Tabii, burada dert doğru habercilik değil, burada bir korku iklimi yaratmak ve aba altından sopa göstermek ve bazen de bu yasal düzenlemeler üzerinden de yapılabiliyor; işte, geçen dönem dezenformasyon yasası çıktı, burada amaç yalan yanlış bilgileri engellemekti ama bir baktık ki bu Dezenformasyonla Mücadele Merkezinin kendisi âdeta bir dezenformasyon merkezi oldu. İşte, burada bir örnek: RTÜK bir bilgi doğrulama mesajı yayınladı, buradaki mesajda RTÜK, Halk TV'ye mimik cezası vermediğini ifade ediyor ama gazetelere çıkan, kamuoyuna çıkan yansıma RTÜK'ün Halk TV'ye ekrandaki bir mimik hareketinden dolayı ceza verdiğine dairdi, inkâr eden, yani doğru bilgi aktarmayan bir duyuru yapmıştı ama RTÜK'ün kararına baktığımızda "Sunucunun da gülerek destekler nitelikte bir tavır sergilemesinin sorumlu yayıncılık anlayışıyla bağdaşmadığı" yazıyor yani burada kendisi kendi yazısında bile bunu itiraf edebiliyor. Bu, İletişim Başkanlığının içinde bulunduğu durum.
Bir de TRT var, muhalefete kör bir TRT, aynı şekilde yine kamu kaynaklarını kullanan bir TRT. Bu TRT' de yani belediye başkanlarımızın hizmetlerini yayınlamayı boş verin, Genel Başkanımızın yayınlarını boş verin, aksine, sürekli kötüleyen, sürekli kara propaganda yapan bir kurum hâlinde, şu anda A Haber'den farklı değil TRT'nin durumu. Bir de bunun seçim dönemi vardı, seçim dönemine başladığımızda, 1 Ocak ve 20 Şubat arasında AK PARTİ ve Cumhurbaşkanına ayrılan süre TRT'de 1.945 dakika ve peki bize ayrılan süre, Genel Başkanımız Özgür Özel ve partimize ayrılan süre sadece 25 dakika.

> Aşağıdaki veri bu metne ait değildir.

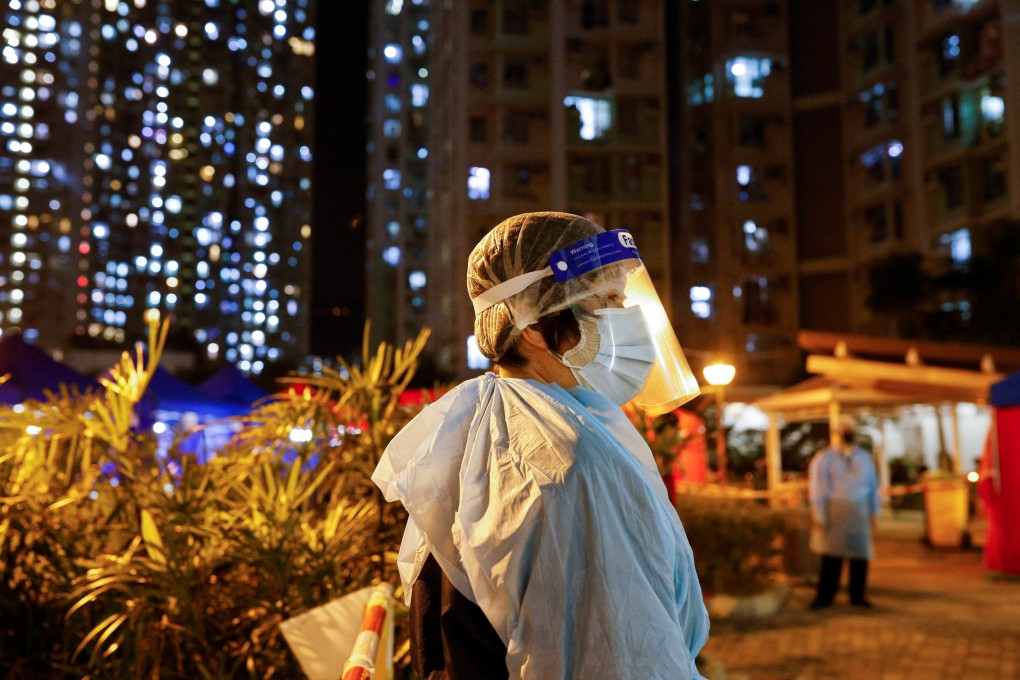 A woman wearing personal protective equipment waits outside a makeshift testing centre at a residential area under temporary lockdown on March 1. Photo: Tyrone Siu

(Mikrofon otomatik cihaz tarafından kapatıldı)
BURHANETTİN BULUT (Adana) - Bir dakika daha süre istiyorum, toparlayacağım.
OTURUM BAŞKANI ORHAN ERDEM - Yok, bu beş dakikalarda...

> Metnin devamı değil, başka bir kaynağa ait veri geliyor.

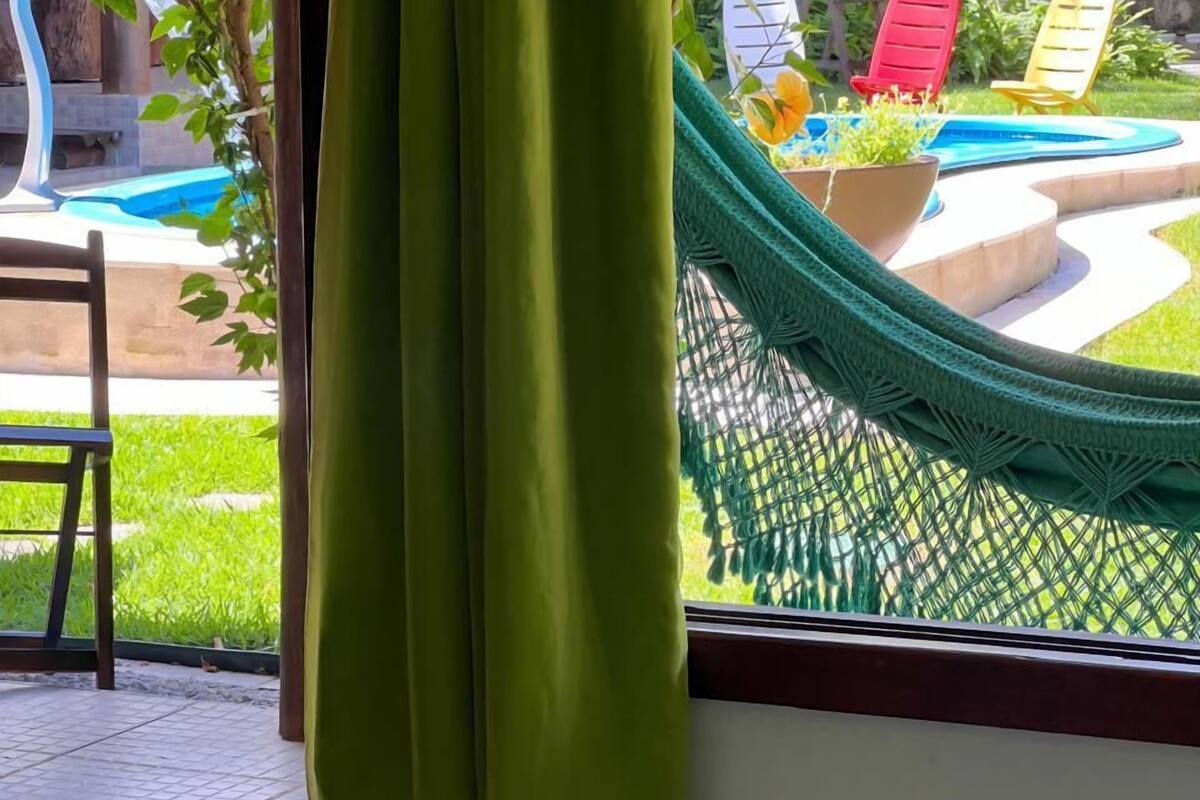 A room with a view of a swimming pool, a hammock, and outdoor seating.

BURHANETTİN BULUT (Adana) - Cümlemi bitireyim.
OTURUM BAŞKANI ORHAN ERDEM - Siz cümlenizi bitirin hemen yani öyle bir usulümüz yok.
BURHANETTİN BULUT (Adana) - Tamam, cümlemi bitireyim.
OTURUM BAŞKANI ORHAN ERDEM - Buyurun, bitirin siz hemen.
BURHANETTİN BULUT (Adana) - Bu 25 dakikadan vazgeçtik biz de paramızla TRT'ye seçim döneminde, 31 Mart öncesi reklam teklifinde bulunduk. Yani kamu kuruluşunun özelliği nedir? Kurumunu büyütmek, geliştirmek ve tarafsız olmak ki bu tarafsızlık da Anayasa'ya bağlı bir hakla verilmiş durumda, TRT'nin tarafsızlığı Anayasa'da ve kendi kanunlarında var.
OTURUM BAŞKANI ORHAN ERDEM - Sayın Bulut, lütfen tamamlayalım.
BURHANETTİN BULUT (Adana) - Biz bir siyasi parti olarak reklam amacıyla başvurduğumuzda, TRT, kendi sorumluluğunu inkâr eden bir mail attı bize...
OTURUM BAŞKANI ORHAN ERDEM - Sayın Bulut, böyle bir usulümüz yok ama.
BURHANETTİN BULUT (Adana) - Hazır Cumhurbaşkanı Yardımcısı bulmuşken...
OTURUM BAŞKANI ORHAN ERDEM - Elden verin evrakı.
BURHANETTİN BULUT (Adana) - ...mart ayı içerisinde herhangi bir müsait vaktinin olmadığını ifade etti. Bu, RTÜK açısından, TRT kurumu açısından, siyasi kanunlar açısından bir suçtur.
OTURUM BAŞKANI ORHAN ERDEM - Sayın Bulut, lütfen...
BURHANETTİN BULUT (Adana) - Kendisine ileteceğim bunu.